We can calculate some Average constants and an average behavior that refine the distance calculation. I am quite sure that with a large number of data the precision can improve a lot.

We, with my company, are developing an application for use in companies. In a company the environment is much more controlled and we can think of involving users. Furthermore, the proximity relationships are always in very similar environments, probably allowing for fewer variables.

If you agree, we could base our realization on this assumption, and begin to determine data from a protected environment (with environmental constants with little variance) and share the results. Furthermore, if the model can also work according to you, we could involve schools to make Flash Mobs in which different students approach 2 meters away with their smartphones and then press a button to calibrate ... We are from Brescia, the area of ​​Italy most affected by the coronavirus. I think there is a lot of sensitivity in this regard.

fneeser commented 4 years ago

@gbounch I'm not surprised that tuning power level adjustments based on user feedback did not work: For example, if one attempts to tune rxPowerAdj for a smartphone of type X while receiving beacons from a non-reference, non-calibrated smartphone of type Y, the tuned rxPowerAdj will also include an inappropriate correction to account for the missing or wrong parameter txPowerAdj of smartphone type Y.

Tuning for a smartphone type X should be done only in a controlled lab environment, and only while testing X against a reference smartphone type REF.
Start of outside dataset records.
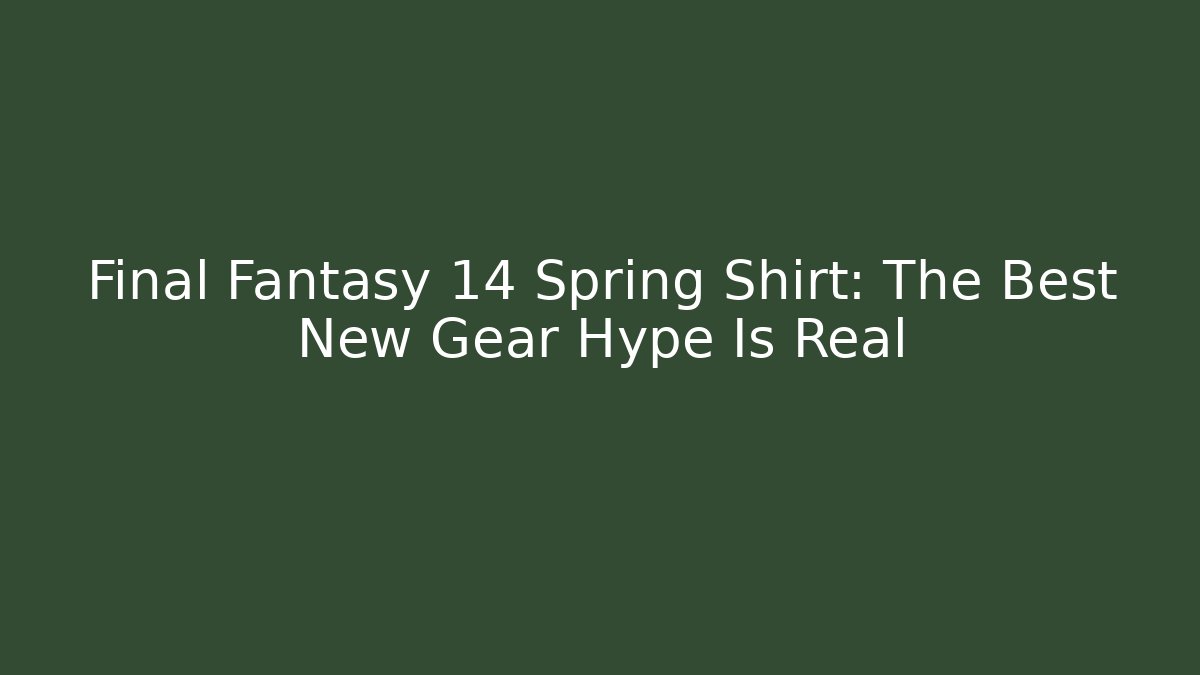 Final Fantasy 14 Spring Shirt: The Best New Gear Hype Is Real
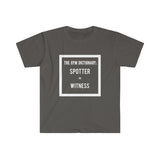 "SPOTTER = WITNESS" - Men's Fitted T-shirt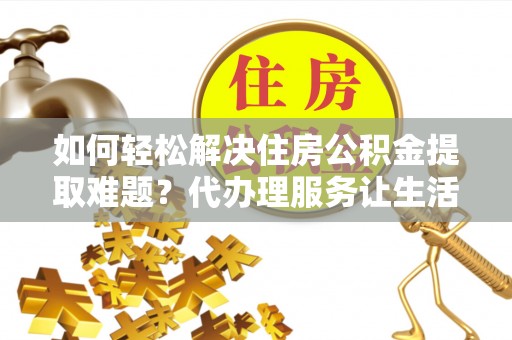 北投如何轻松解决住房公积金提取难题？代办理服务让生活更简单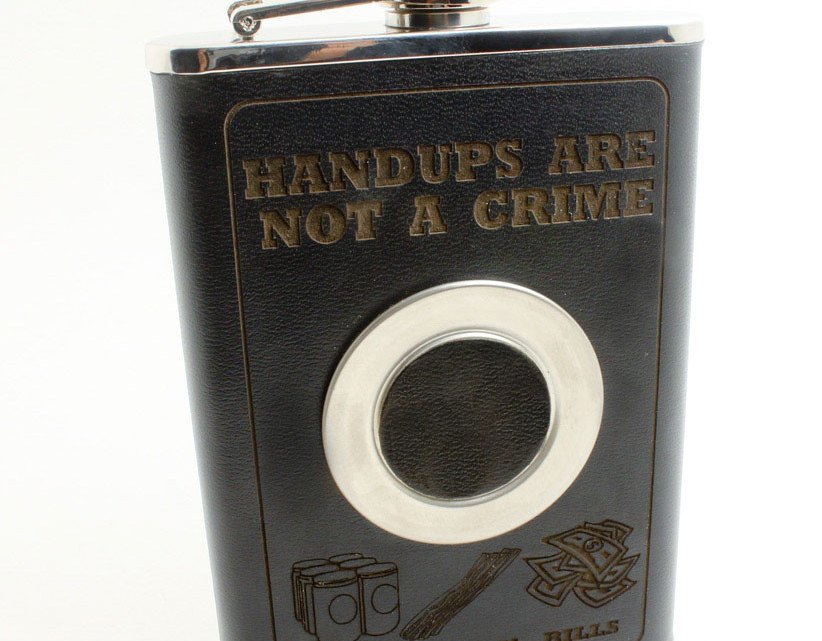 They're back in limited supply. Our famous Handups Are Not a Crime Flasks.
As described in the paper [1] Hans-Juergen Meckelburg "Coronavirus COVID-19 - Calibration Method and Proximity Accuracy", Preprint, April 2020 -- see issue #204

and in my summary https://github.com/DP-3T/documents/issues/188#issuecomment-618666631 above, three steps are required:

  1. Determine the parameter refPowerLevel (= CP_{RT}^{REF} in [1]) of a reference smartphone type, which by definition is a constant, i.e., independent of the distance between the two reference smartphones.
  2. Determine txPowerAdj of smartphone of type X by measuring REF <- X, specifically, txPowerAdj[X] = rxPower(to: REF, from: REF, distance: d) - rxPower(to: REF, from: X, distance: d) Note that txPowerAdj[X] is independent of distance d.
  3. Determine rxPowerAdj of smartphone of type X by measuring X <- REF, specifically, rxPowerAdj[X] = rxPower(to: REF, from: REF, distance: d) - rxPower(to: X, from: REF, distance: d) Note that rxPowerAdj[X] is independent of distance d.

While these parameters are independent of distance d, they can be determined accurately by repeating (and averaging) the calculations over multiple distances d.
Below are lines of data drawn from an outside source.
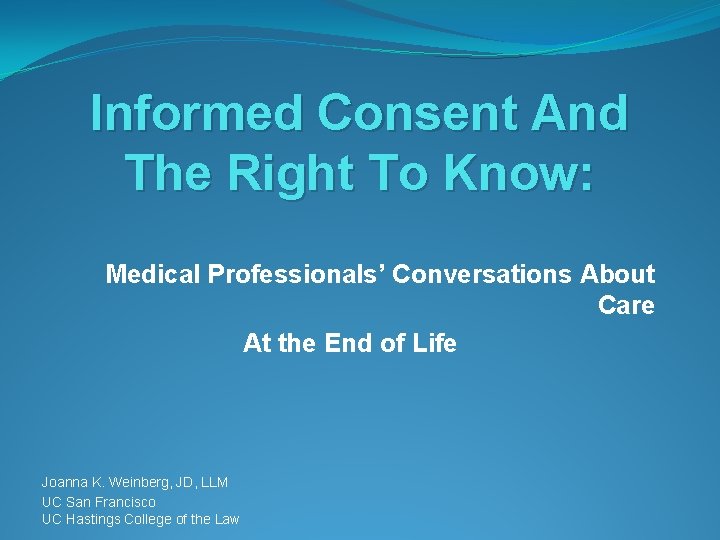 Informed Consent And The Right To Know: Medical Professionals’ Conversations About Care At the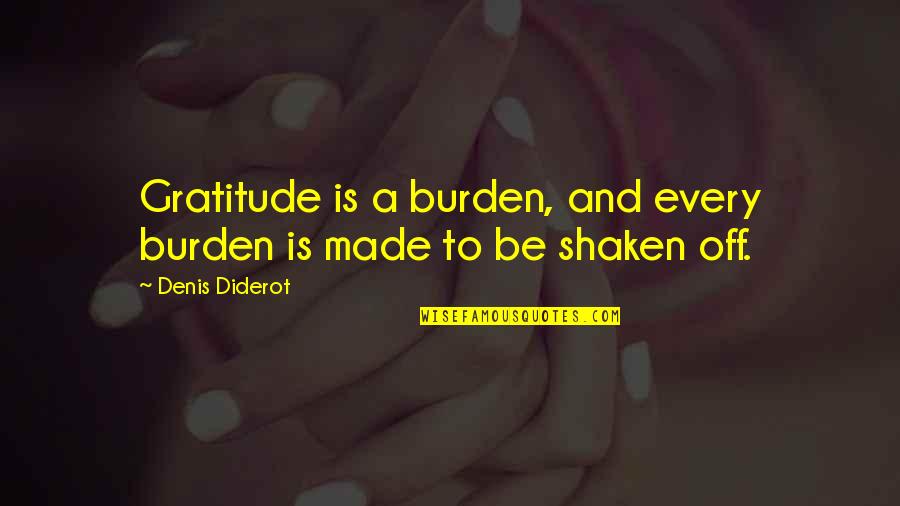 Wondering And Being Lost Quotes By Denis Diderot: Gratitude is a burden, and every burden is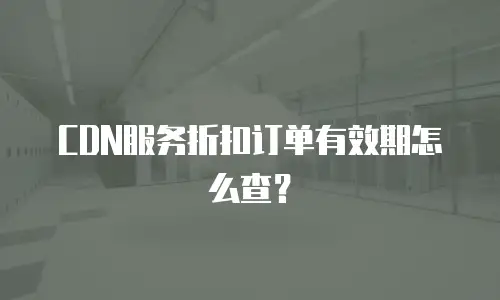 CDN服务折扣订单有效期怎么查？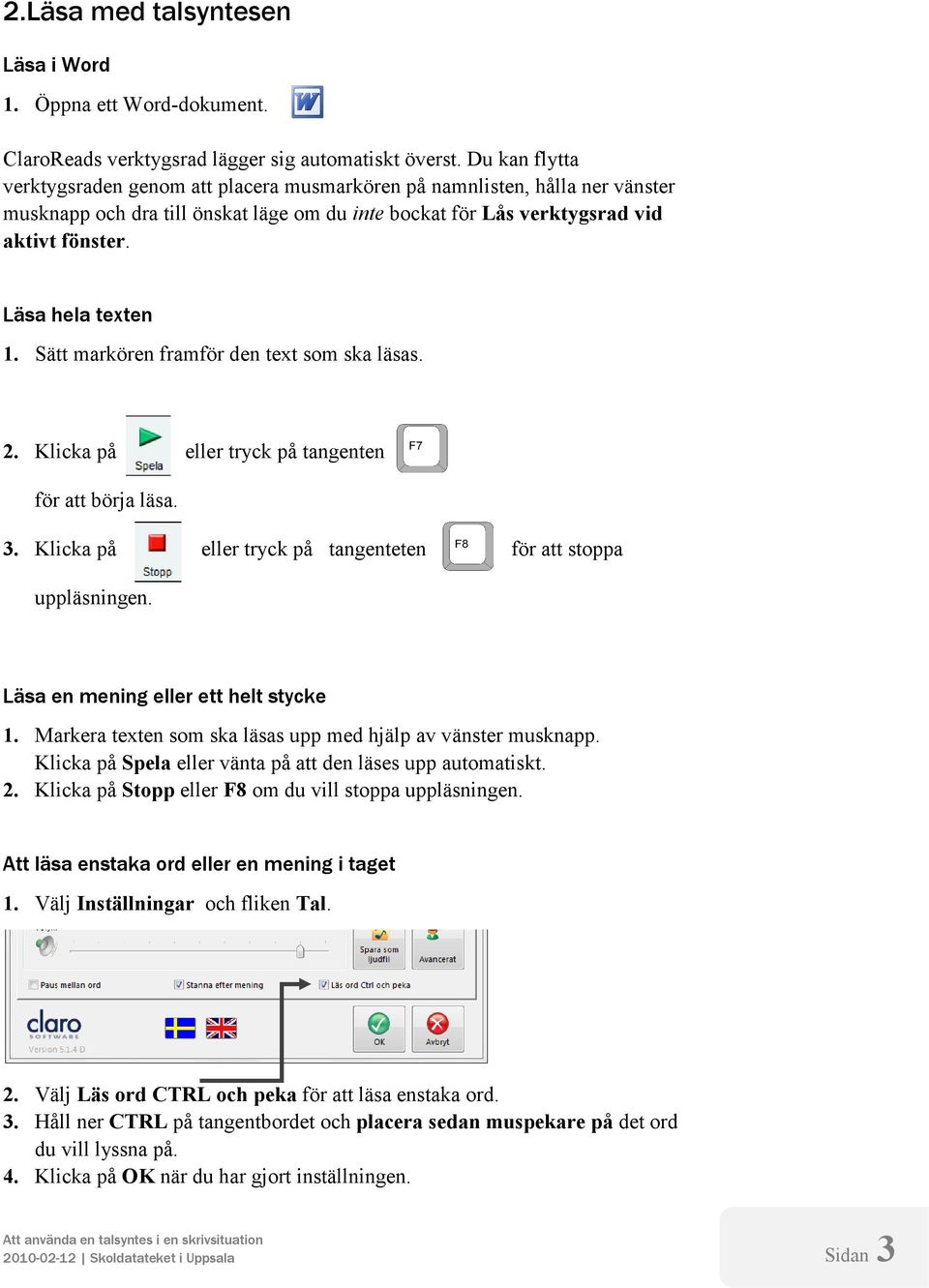 Läsa hela texten 1. Sätt markören framför den text som ska läsas. 2. Klicka på eller tryck på tangenten för att börja läsa. 3. Klicka på eller tryck på tangenteten för att stoppa uppläsningen.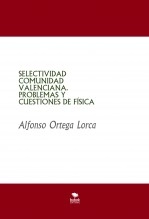 Libro SELECTIVIDAD COMUNIDAD VALENCIANA. PROBLEMAS Y CUESTIONES DE FÍSICA, autor Alfonso Ortega Lorca Libro SELECTIVIDAD COMUNIDAD VALENCIANA. PROBLEMAS Y CUESTIONES DE FÍSICA, autor Alfonso Ortega Lorca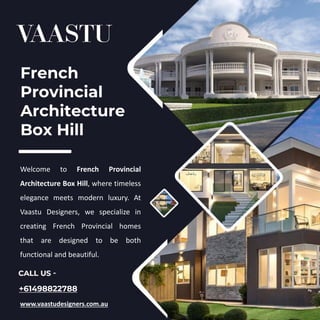 +61498822788
www.vaastudesigners.com.au
French
Provincial
Architecture
Box Hill
Welcome to French Provincial
Architecture Box Hill, where timeless
elegance meets modern luxury. At
Vaastu Designers, we specialize in
creating French Provincial homes
that are designed to be both
functional and beautiful.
I believe that the author of [1] is already working on a test specification, where I assume effects such as TX and RX antenna directivity can be averaged out.

gbounch commented 4 years ago

I know that your proposed model is perfect. Requires a large number of measurements for each device, and it is simply impossible for someone to start testing for all devices. So even if perfect, it doesn't help. Is there any way to simplify it if we decide that we just need to know how 2 models of smartphones perceive each other 2 meters away? if I could have a large number of measurements of signals perceived between two models (even in non-laboratory environments) could I infer the threshold at 2 meters of this device models couple, with a good approximation?

helme commented 4 years ago

Hi all, to be honest I didn't read all posts here yet, but I've noticed that there is a major concern about using BLE only. Besides leveraging other approaches (like ultrasonic sound beacons), I'm still convinced that BLE is not as bad as you might think.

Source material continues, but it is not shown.